Daha ötesi ne olabilir bu durumun? Cinayeti görmelerine rağmen ifade edememek... Elbette arkadaşlarının bazıları ise önünde duran acı gerçeği görmezden gelmeyi yeğleyecek kadar ileri gidiyordu. İşçilerin korkusunun altında iki sebep vardır genelde. İlki ileri-geri konuşup da patavatsızlık yapmaktan geri durma kaygısı, ikincisi ne olduğundan emin olmasına rağmen bunu söylerse göreceği baskı ve tehditler...

İş cinayetlerinde herkesin kafasından başka bir senaryo geçer ve hepsi de hüsranla biter. Çünkü senaryolarında hep tek başınadırlar. İdareciler yarattığı algı ve yönetim şekli ile sendikalı da olsa işçileri tek başına birer kişiymiş gibi davranarak sorunlarını çözebileceğini söyler. Oysa bu bir yalandır. Bu yalan işçilerin göz bebeklerine kadar işlemiştir.

Ancak yine de aynı sorular herkesin kafasında dönüp durur bir süre: Aramızdan ayrılan masum, haksızlığa uğramış mazlum ruh, adalet beklemiyor mudur geride kalan sevdiklerinden? Arkadaşlarından? Meslektaşlarından?

Hem canı pahasına elinden alınmış kendi hakkı hem de geride kalanların sonraki yaşamları için adalet talep etmiyor mudur? Geride kalan sevenleri onu sevdikleri ölçüde kendilerine saygı duydukları ölçüde karanlıkta bırakmadan, hesap sorma gayesiyle Utku’nun yasını vicdani bir hisle huzura en yakın hissederek tutmak istiyorlar. Bunu annesine babasına eşine dostuna bakarak söyleyebiliriz.

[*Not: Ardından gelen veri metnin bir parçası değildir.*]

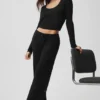 Sweater Knit Mid-Rise Unwind Wide Leg Pant - Black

Belki de sadece bir kişi hayatını kaybeden nazik ve sevecen işçinin adalet beklentisine bir şeytan kayıtsızlığı ile yaklaşacaktır.

ZAMANE VAHŞİSİ
Fabrika müdürü, üretim rekoruna ve minimum maliyet hesabına çıldırmış gibi tutulmuş, bu uğurda gözünü karartmış, fabrikayı bir köle kampına çevirecek kadar kuralsızlaşmış, gözü dönmüş iki müdürünün tedrisatından geçmiş birisi. İDÇ’ye gelmeden HABAŞ’ta çelikhanede müdür olarak çalıştığı süre boyunca kimi kıdemli işçinin demesine göre en az 25 işçi çeşitli sebeplerden ama bu insanların ‘kudretiyle’ ölmüştü.

Fabrika müdürü olarak İDÇ’ye gelip de çalışmaya başlayınca sadece oradaki kuralsız çalışmayı kural olarak benimsemiş amir-formen ekibini değil, sadece o vahşi kuralsızlığı da değil, iş cinayetlerini de getirmişti.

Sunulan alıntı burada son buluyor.